Не все канцелярии выдавали документы одинаковой изящности. Кожаный официальный стиль на самой нечистой латыни был очень распространен. В миланских документах, сохраненных Корио, поразителен контраст между этим родом сочинительства и теми немногими письмами, которые написаны членами княжеского дома и которые к тому же должны были создаваться в критические моменты. Они являются образцами чистейшей латыни. Поддерживать безупречный стиль при любых обстоятельствах было правилом хорошего тона и результатом привычки. Помимо этих чиновников, частные ученые всех мастей, естественно, вели собственную переписку. Цель написания писем редко заключалась в том, в чем она заключается сегодня, — сообщить об обстоятельствах автора или новости о других людях; скорее оно рассматривалось как литературное произведение, создаваемое ради демонстрации учености и завоевания уважения тех, кому оно адресовалось. Эти письма рано начали служить целям ученых изысканий; и Петрарка, введший этот жанр писем, возродил формы старого эпистолярного стиля, заменив средневеково-латинское «Вы» на классическое «ты». Позднее письма превратились в собрания искусно повернутых фраз, с помощью которых подбадривали или унижали подданных, льстили коллегам или оскорбляли их, восхваляли покровителей или выпрашивали у них милости.

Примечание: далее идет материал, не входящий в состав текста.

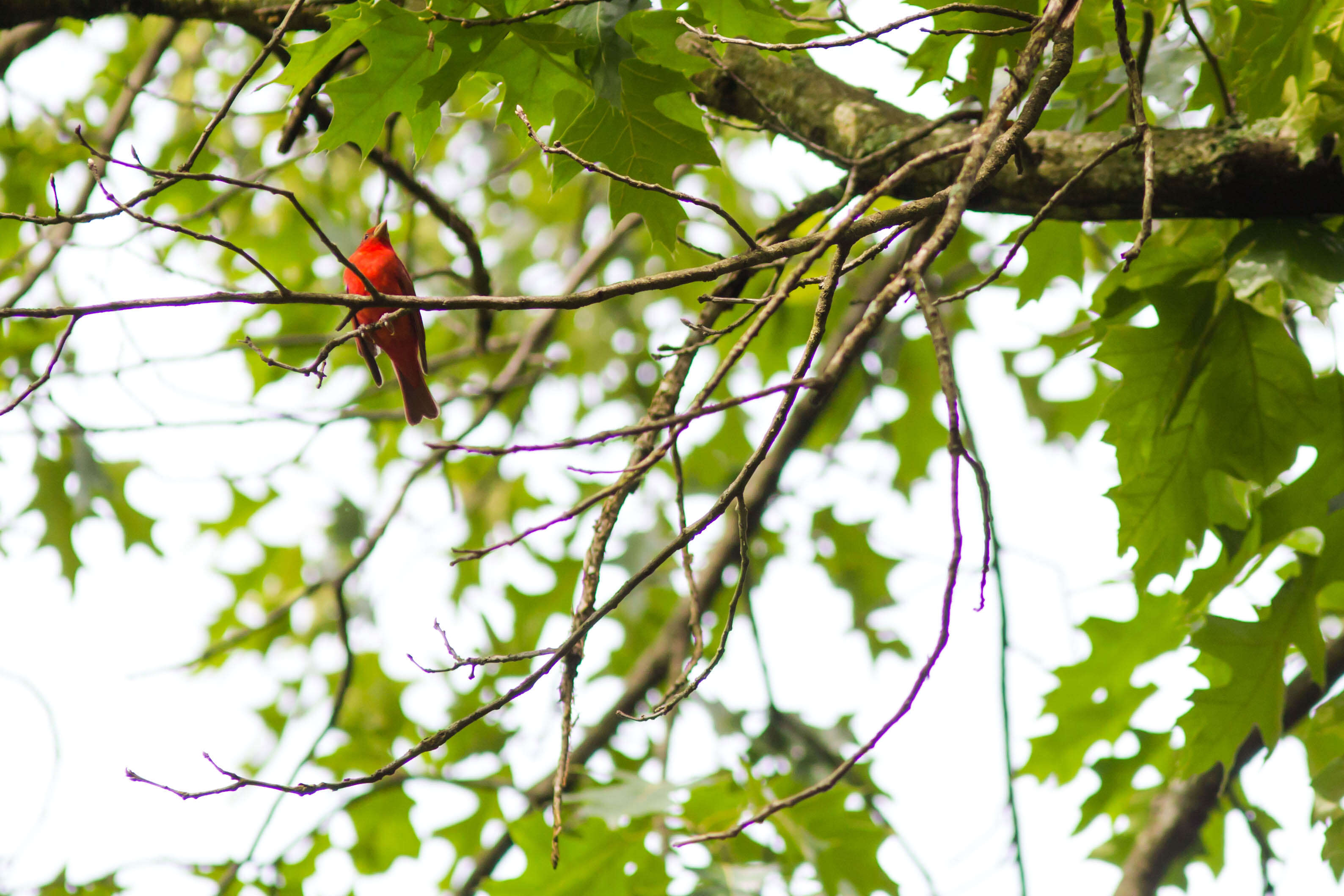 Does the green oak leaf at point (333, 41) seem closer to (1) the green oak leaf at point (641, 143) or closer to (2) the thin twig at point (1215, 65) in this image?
(1) the green oak leaf at point (641, 143)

Письма Цицерона, Плиния и других в то время усердно изучались как образцы. Уже в XV веке появилось множество руководств и пособий по латинской переписке в дополнение к крупным грамматическим и лексикографическим трудам, объем которых поражает нас даже сегодня, когда мы рассматриваем их в библиотеках. Но подобно тому, как наличие этих подспорий искушало многих взяться за дело, к которому у них не было призвания, по-настоящему способные люди получали стимул к еще более безупречному совершенству, пока наконец не появились письма Полициана, а в начале XVI века — письма Пьетро Бембо, занявшие место непревзойденных шедевров не только латинского стиля вообще, но и более узкого искусства эпистолярия.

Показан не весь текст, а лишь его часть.